- Episode no.: Season 5 Episode 13
- Directed by: Bill Bain
- Written by: Rosemary Anne Sisson
- Production code: 11
- Original air date: 30 November 1975

Episode chronology
| ← Previous "Will Ye No Come Back Again" | Next → "Noblesse Oblige" |

= Joke Over =

"Joke Over" is the thirteenth episode of the fifth and final series of the period drama Upstairs, Downstairs. It first aired on 30 November 1975 on ITV.

==Background==
Joke Over was recorded in the studio on 29 and 30 May 1975. The location footage was filmed near Middle Wallop in Andover, Hampshire on 21 May 1975. The scavenger hunt plotline was inspired by the autobiography of Barbara Cartland, We Danced All Night. This had also been used by Rosemary Anne Sisson in the earlier episode Laugh a Little Louder Please. In Joke Over, Madeleine Cannon makes her final appearance as Lady Dolly Hale.

==Cast==
- Lesley-Anne Down - Georgina Worsley
- Gordon Jackson - Hudson
- David Langton - Richard Bellamy
- Hannah Gordon - Virginia Bellamy
- Angela Baddeley - Mrs Bridges
- Raymond Huntley - Sir Geoffrey Dillon
- Christopher Beeny - Edward
- Nigel Havers - Peter Dinmont
- Patsy Blower - Ethel
- Madeline Cannon - Lady Dolly Hale
- Terence Bayler - Darrow Morton
- Anthony Andrews - Robert, Marquis of Stockbridge
- Jacqueline Tong - Daisy
- Barry Stanton - PC Burridge
- Bernard Barnsley - Mr Smith
- Jenny Tomasin - Ruby
- Robert Hartley - Coroner
- Daphne Lawson - Mrs Smith
- Kenneth Thornett - Foreman of the Jury
- Sue Crossland - Double for Lesley-Anne Down

==Plot==
It is summer 1928, and Lord and Lady Bellamy are at Southwold in Wiltshire, so Georgina has the house to herself. She returns late at night with friends Lady Dolly, Peter Dinmont, Ethel, Darrow Morton and Lord Stockbridge after a scavenger hunt. The final item for the scavenger hunt is a maid's cap, which they fetch from the servants' quarters, waking Hudson in the process. Lady Dolly soon goes upstairs, to take cocaine. To finish the scavenger hunt the party need to drive down to Sussex, but as Lady Dolly's car has a puncture, they go to the garage and insist on taking Lord Bellamy's car. Edward tries say that he should drive, but Georgina refuses to let him.
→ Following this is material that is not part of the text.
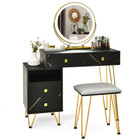 Modern Dressing Table with Storage Cabinet product image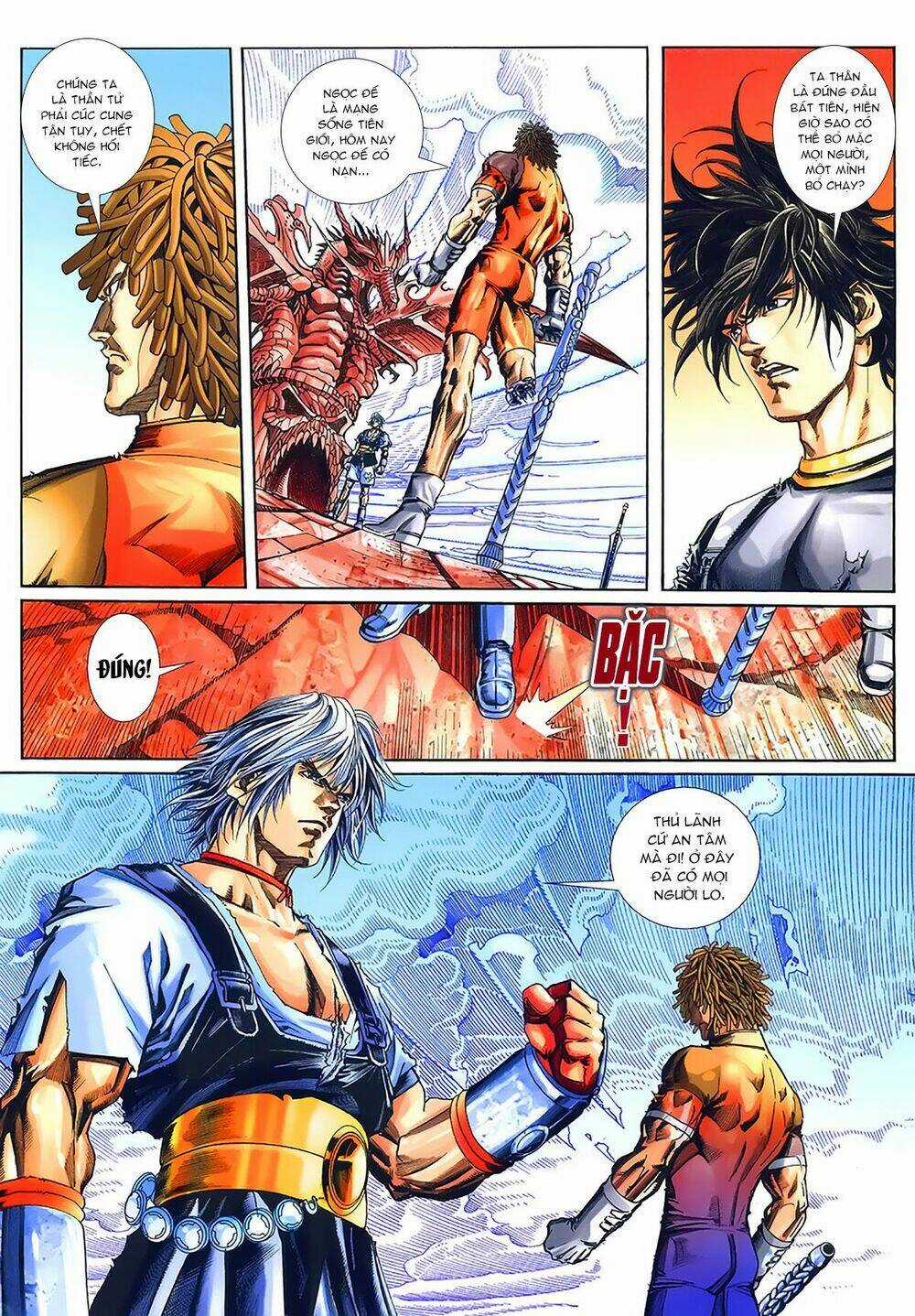 Bát Tiên Đạo Chapter 44 trang 25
Early in the morning, Georgina is driving the car on a quiet road in Sussex when a cyclist, Mr Smith, suddenly comes out in front of her. Despite braking, the car knocks the man over. Back in London, Lord and Lady Bellamy return. Sir Geoffrey Dillon arrives and informs them that Mr Smith has died. Richard blames Edward for allowing Georgina to drive. Lord Stockbridge's father, the Duke of Buckminster, forbids Robert, who was travelling in a separate car behind Georgina, from attending the inquest, and the solicitors have arranged to say that he was not there. At the inquest, Darrow, Peter and Ethel do not turn up, and Lady Dolly's testimony does more to harm Georgina's case than help. At the last minute, Lord Stockbridge turns up and insists on giving evidence. He tells the inquest how Georgina was only driving at 30 mph and says she could not have done anything to avoid running over Mr Smith. The verdict is given as "accidental death" but Georgina is rebuked for "irresponsible behaviour".

Meanwhile, Edward is annoyed at being blamed for the car being taken, and tells Daisy he will resign. However, Richard soon speaks to him and apologises, saying Georgina had told him what happened. Georgina tells Lord Stockbridge after the inquest that she never wants to see Lady Dolly again and they then go together to the Savoy Grill for lunch.